Fonda is a village in and the county seat of Montgomery County, New York, United States. The population was 795 at the 2010 census. The village is named after Douw Fonda, a Dutch-American settler who was scalped in 1780 during an Indian raid in the Revolutionary War.
The Fonda Fair is an annual agricultural event.
The village is located near the former Mohawk village of Caughnawaga. This was the 17th-century home of Kateri Tekakwitha, a Mohawk girl who converted to Catholicism and became renowned for her piety. It has a national shrine devoted to her; she is the first Native American saint. After a French attack on the village in the 17th century, Kateri and many other Mohawk moved to a Jesuit mission village of Kahnawake, established opposite Montreal in Quebec, Canada on the south side of the St. Lawrence River.
European settlers, mostly German and English, officially organized the present-day village in 1751 at the site of Caughnawaga. Fonda was later named for an ethnic Dutch settler who was scalped in an Indian raid during the Revolutionary War.

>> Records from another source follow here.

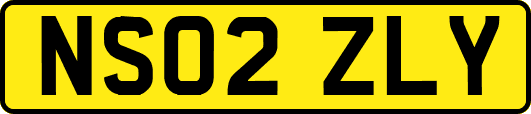 NS02ZLY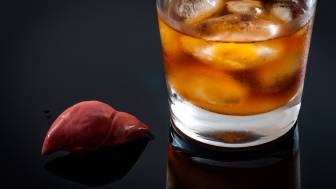 Wie viel Alkohol muss ein Ewachsener trinken, um an einer Leberzirrhose zu erkranken?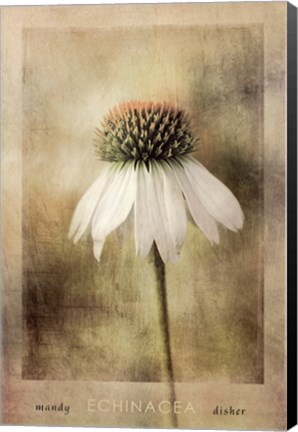 Framed Echinacea Print
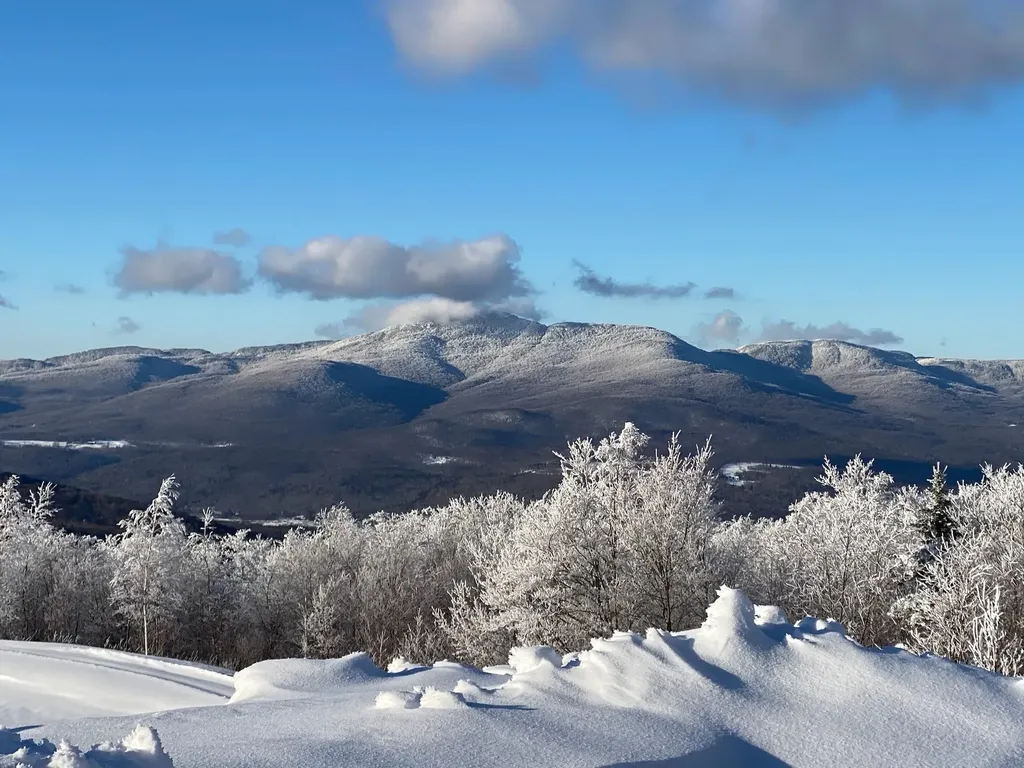 860 True North Way Jay VT 05859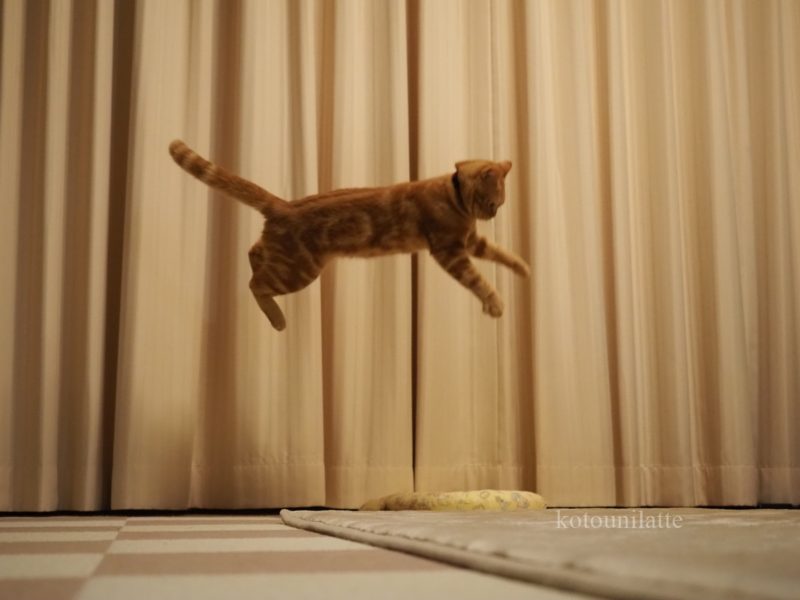 大ジャンプのラテ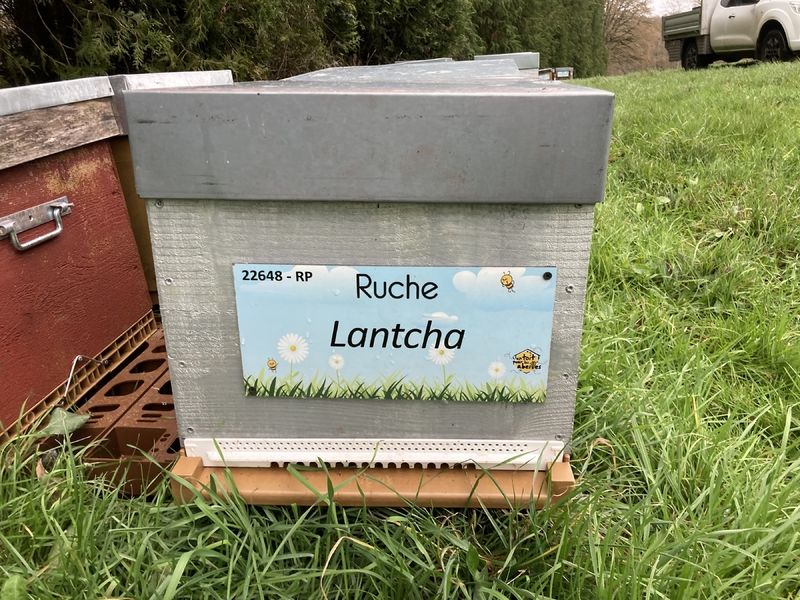 La ruche Lantcha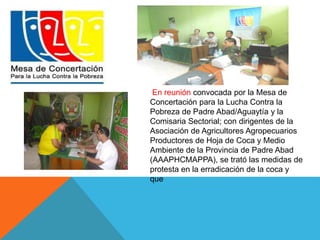En reunión convocada por la Mesa de 
Concertación para la Lucha Contra la 
Pobreza de Padre Abad/Aguaytía y la 
Comisaria Sectorial; con dirigentes de la 
Asociación de Agricultores Agropecuarios 
Productores de Hoja de Coca y Medio 
Ambiente de la Provincia de Padre Abad 
(AAAPHCMAPPA), se trató las medidas de 
protesta en la erradicación de la coca y 
que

After the opening of the Erie Canal in 1825, Fonda thrived with the growth in trade and traffic that accompanied it. The canal provided transportation and commercial links to communities around the Great Lakes. Fonda became a center of cheesemaking which was part of the regional dairy industry. The area was devoted to agriculture. As the county seat, it also did well with the arrival of the railroad in 1835, which increased cross-state transportation and shipping of goods. The village was incorporated in 1850.